Gem. § 8 Abs. 4 Familienlastenausgleichsgesetz 1967 erhöht sich ab 1. Jänner 2003 die

Familienbeihilfe für jedes Kind, das erheblich behindert ist, monatlich um 138,3 €.

Gem. § 8 Abs. 5 Familienlastenausgleichsgesetz 1967 gilt als erheblich behindert ein Kind, bei dem eine nicht nur vorübergehende Funktionsbeeinträchtigung im körperlichen, geistigen oder psychischen Bereich oder in der Sinneswahrnehmung besteht. Als nicht nur vorübergehend gilt ein Zeitraum von voraussichtlich mehr als drei Jahren. Der Grad der Behinderung muß mindestens 50 vH betragen, soweit es sich nicht um ein Kind handelt, das voraussichtlich dauernd außerstande ist, sich selbst den Unterhalt zu verschaffen. Für die Einschätzung des Grades der Behinderung sind die Vorschriften der §§ 7 und 9 Abs. 1 des Kriegsopferversorgungsgesetzes 1957, BGBl. Nr. 152 in der jeweils geltenden Fassung, und die diesbezügliche Verordnung des Bundesministeriums für soziale Verwaltung vom 9. Juni 1965, BGBl. Nr. 150 in der jeweils geltenden Fassung, anzuwenden. Die erhebliche Behinderung ist spätestens nach fünf Jahren neu festzustellen, soweit nicht Art und Umfang eine Änderung ausschließen.

Ihr Sohn p hat ab 22.6.2005 die Handelsschule abgeschlossen. Im Juli 2005 erkrankte Ihr Sohn und musste im August 2005 am Landeskrankenhaus k und an der Universitätsklinik kb operiert werden. Ab dem 1.2.2006 leistete Ihr Sohn den Zivildienst ab. Mit dem Zivildienst wollte Ihr Sohn die Zeit zwischen der Gesundung und dem Antritt des Schulbesuches an der ea im Herbst sinnvoll nutzen.

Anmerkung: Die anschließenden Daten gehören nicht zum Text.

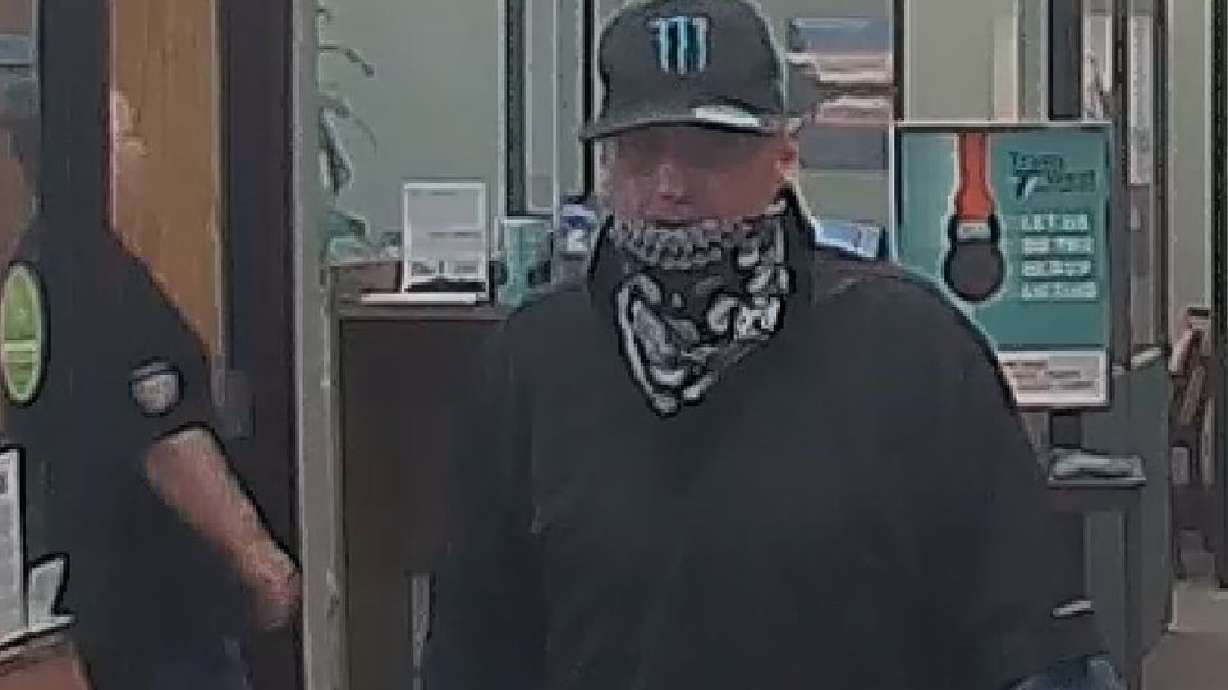 Security footage of an alleged robber at a bank in Sandy on Aug. 21, 2020.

Im Juli 2006 erkrankte Ihr Sohn erneut und musste bis November 2006 behandelt werden. Die Beschwerden nach der Behandlung hielten bis in den Sommer 2007 an. Vom 16.1.2007 bis 6.3.2007 war Ihr Sohn beim Arbeitsmarktservice arbeitssuchend vorgemerkt. Am 8.10.2007 hat er mit einem Jahr Verspätung die Berufsausbildung begonnen.

Auf Grund dieses Sachverhaltes ist zu prüfen, ob Anspruch auf Familienbeihilfe auf Grund der

Bestimmungen des § 2 Abs. 1 Iit. A bis f Familienlastenausgleichsgesetz 1967 besteht. Da Ihr

Sohn noch nicht das 26. Lebensjahr vollendet hat, sind die Bestimmungen des § 2 Abs. 1 Iit. g

bis i Familienlastenausgleichsgesetz 1967 derzeit nicht auf Ihren Sohn anwendbar. Erst danach kann auf Grund der Behinderung zusätzlich eine erhöhte Familienbeihilfe gewährt werden.

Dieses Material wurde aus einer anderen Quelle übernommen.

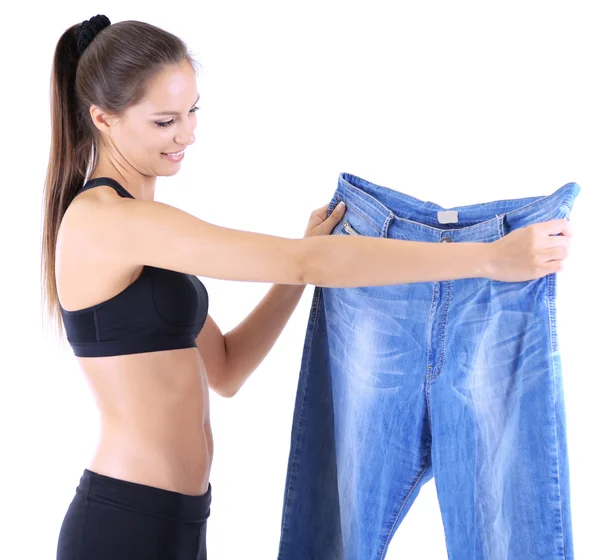 Slim meisje met grote jeans geïsoleerd op wit — Stockfoto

Ihr Sohn hat am 18.9.2003 das 18. Lebensjahr vollendet. Anschließend konnte die

Familienbeihilfe auf Grund der Berufsausbildung bis Juni 2005 gewährt werden. Vom Juli bis

September 2005 konnte die Familienbeihilfe auf Grund der Beendigung der Berufsausbildung

gewährt werden.

Für den Zeitraum Jänner bis März 2007 kann die Familienbeihilfe wieder gewährt werden, da er in dieser Zeit arbeitssuchend vorgemerkt war.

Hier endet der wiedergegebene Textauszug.